お気に入りのガウンを羽織って、平日は昼間の電車に乗り込んで、街並みが左手に流れて行くことを当たり前に感じながら、のんびりした気持ちで待ち合わせに遅刻していく。日差しが強くて風が冷たいこの季節は台風が連れてきて雪が連れ去ってしまうのだと思う。久々のお休みにまで都心に向かうなんて昔には考えられなかったことだけど、新しい話の構想などを考えながら街並みを見ればまた世界が変わってくる。

新しく出来た噂のピザ屋さんを2年経ってから初めて訪ねてみたら並ばずに入ることができた。併設されたバーカウンターでは真昼間からグラスを傾ける光景が見られて、私たちにはそれを肴にご飯を食べられる強靭な胃袋を持ち合わせていた。2枚のピザはあっという間になくなってしまう。
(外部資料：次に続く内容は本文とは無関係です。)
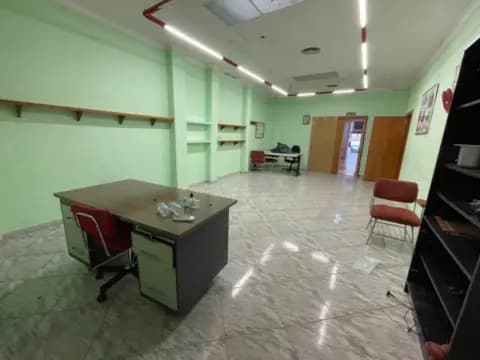 Local comercial en Ensanche-Franciscanos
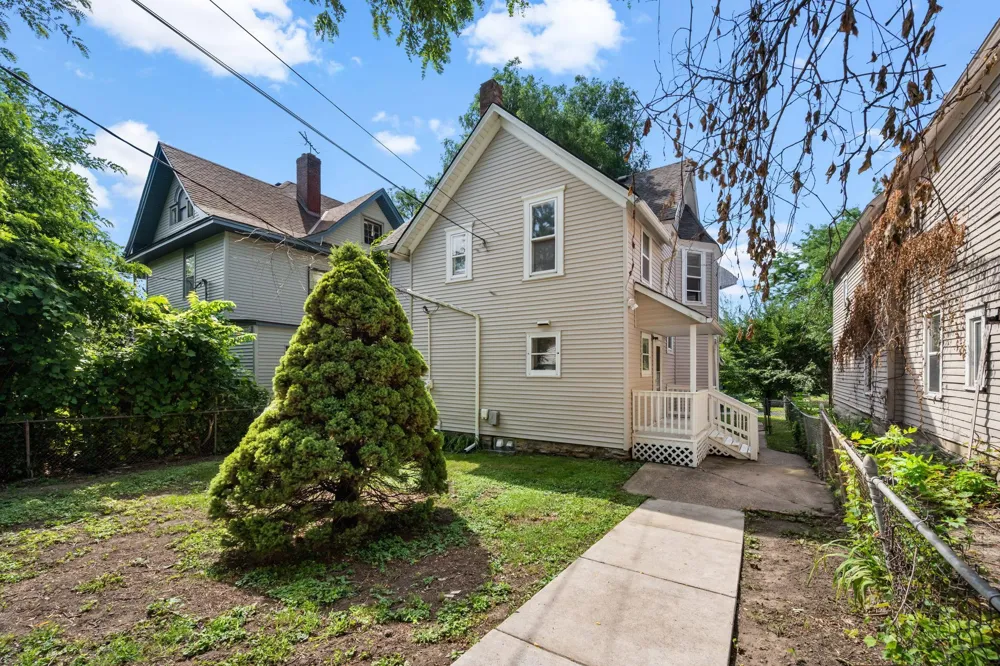 835 3rd Street E Saint Paul, MN 55106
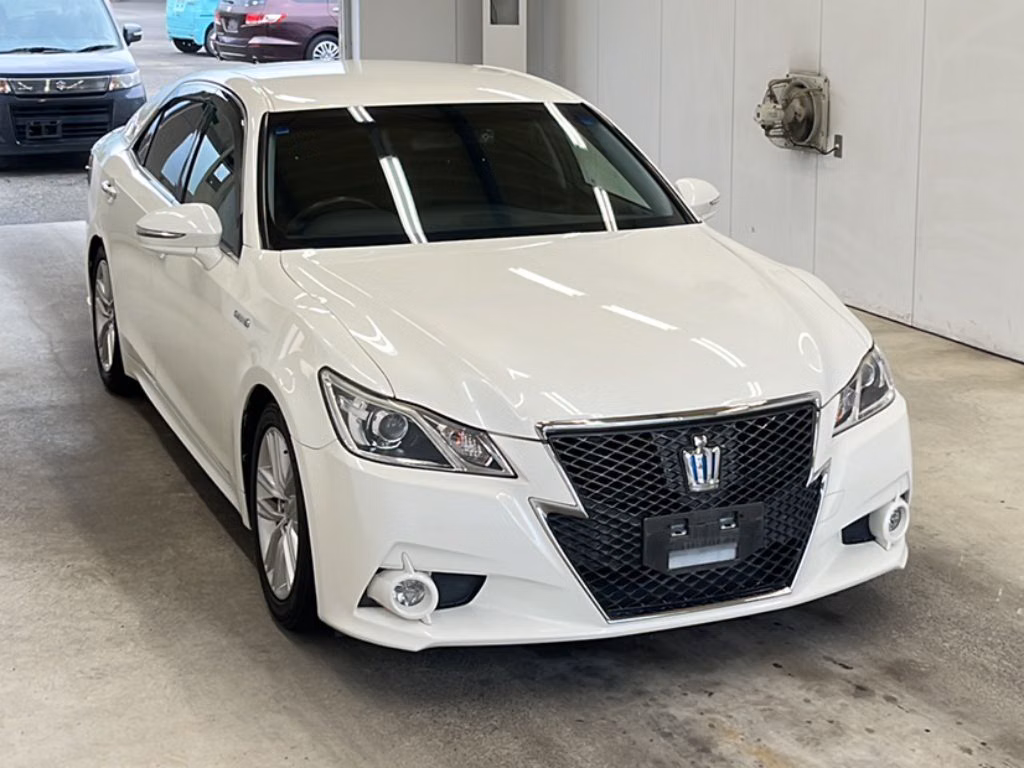 TOYOTA CROWN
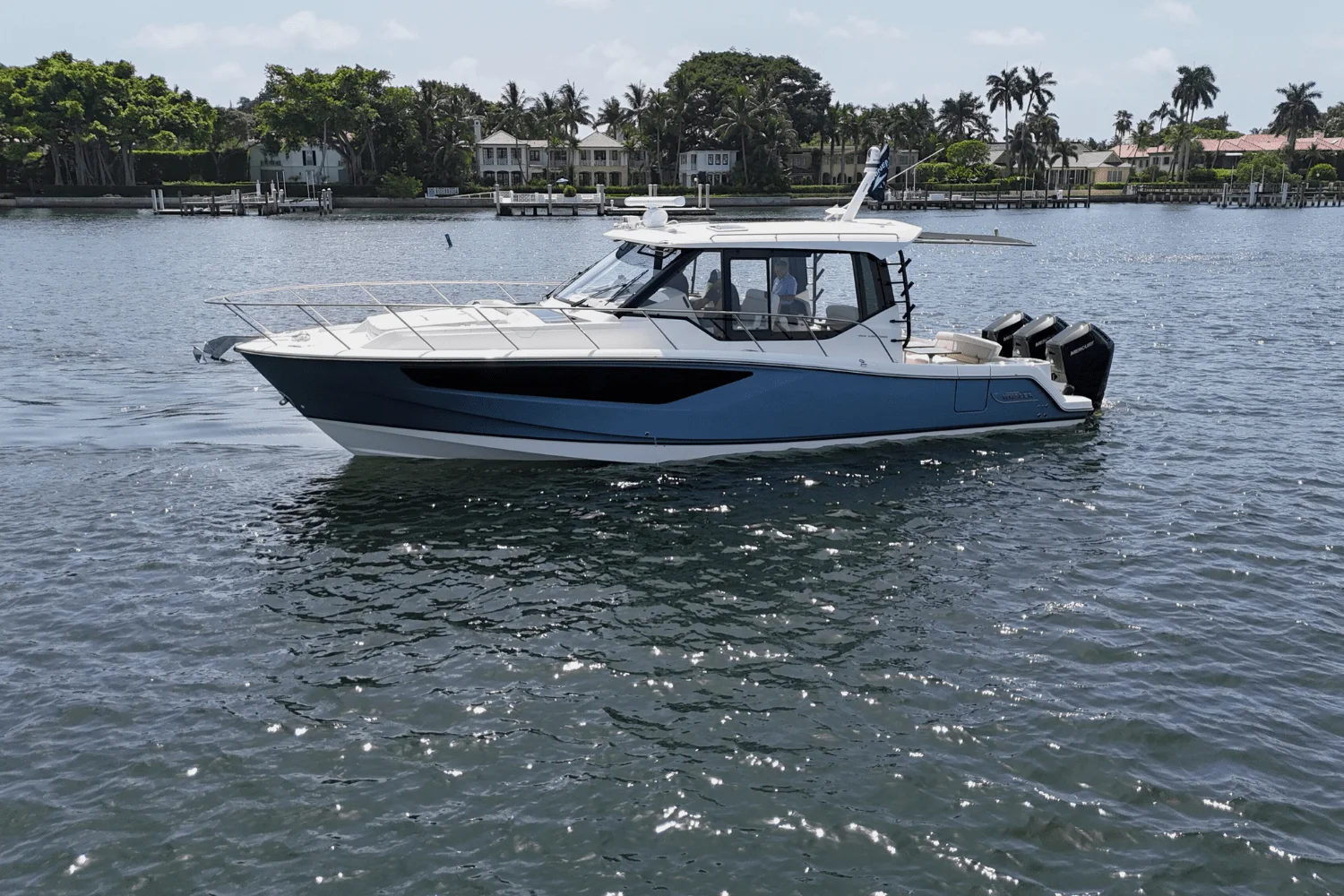 2025 Boston Whaler 405 Conquest Image Thumbnail #1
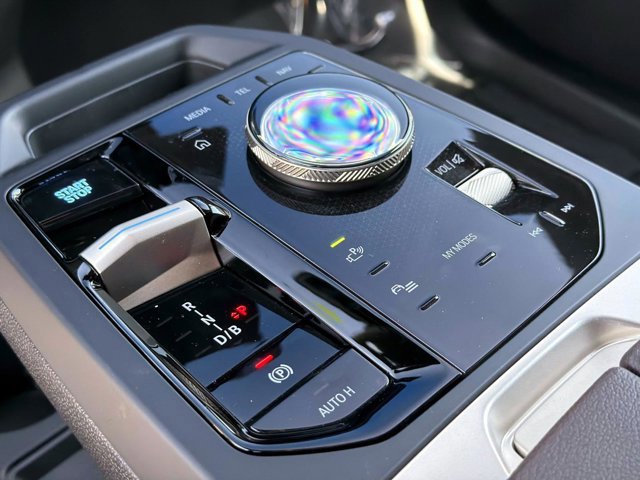 New 2026 BMW iX xDrive45 image 27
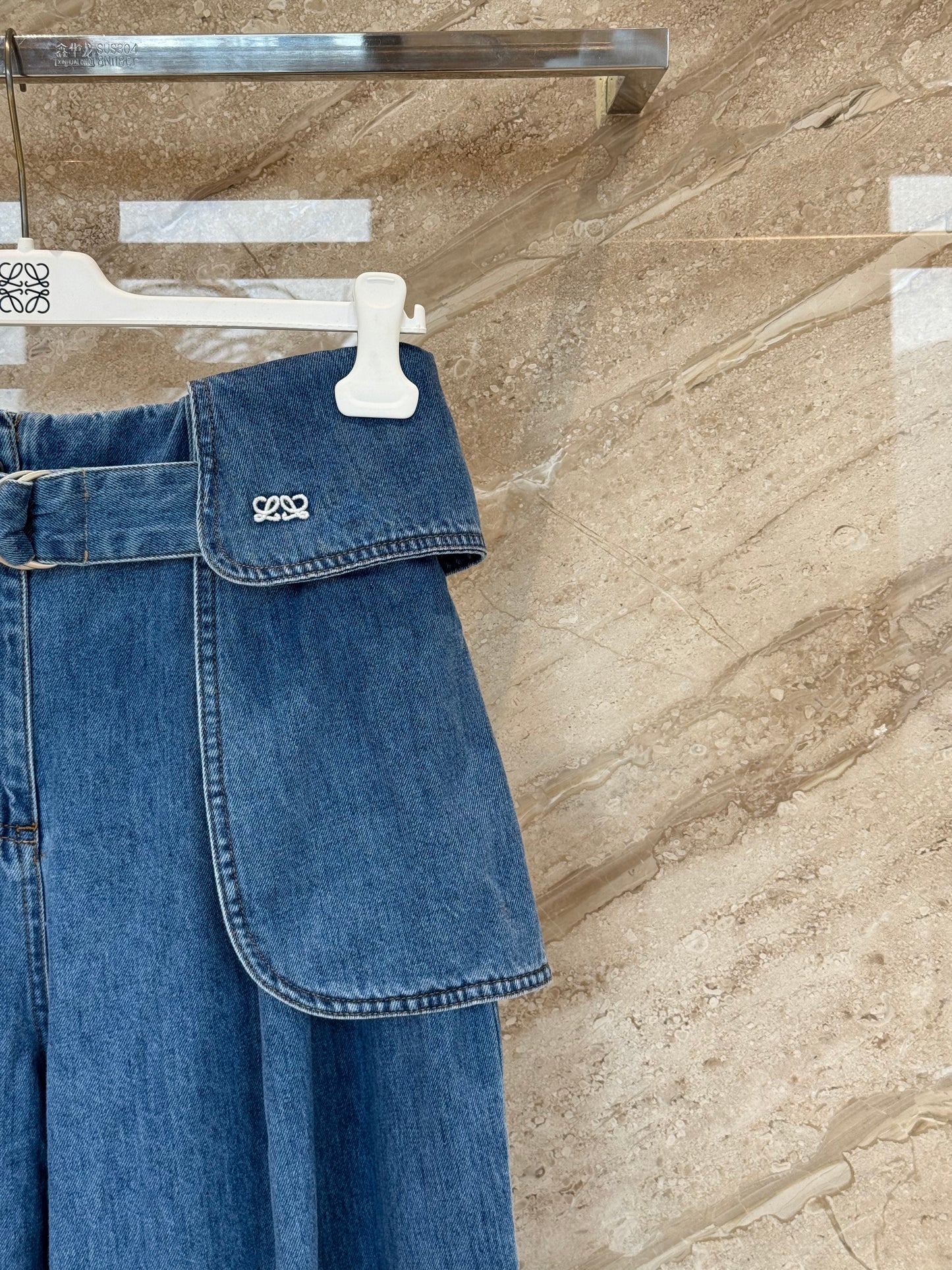 LOEW JEANS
ビールが飲みたいからと言われて誘われたお店には名前の知らないお酒がたくさんあって、このお酒の数以上に知らないことはたくさんあるのだなと泡をぶくぶく飲みながら考えた。新しい夢の話と、終わってしまった恋の話を聞きながら、もう季節も変わってしまうのだから、そろそろ思い描いた将来に向かっていかなくてはならないのだと、美味しいビールにふわふわの心持ちで話し合っていた。夜はまだ続くのだろうか。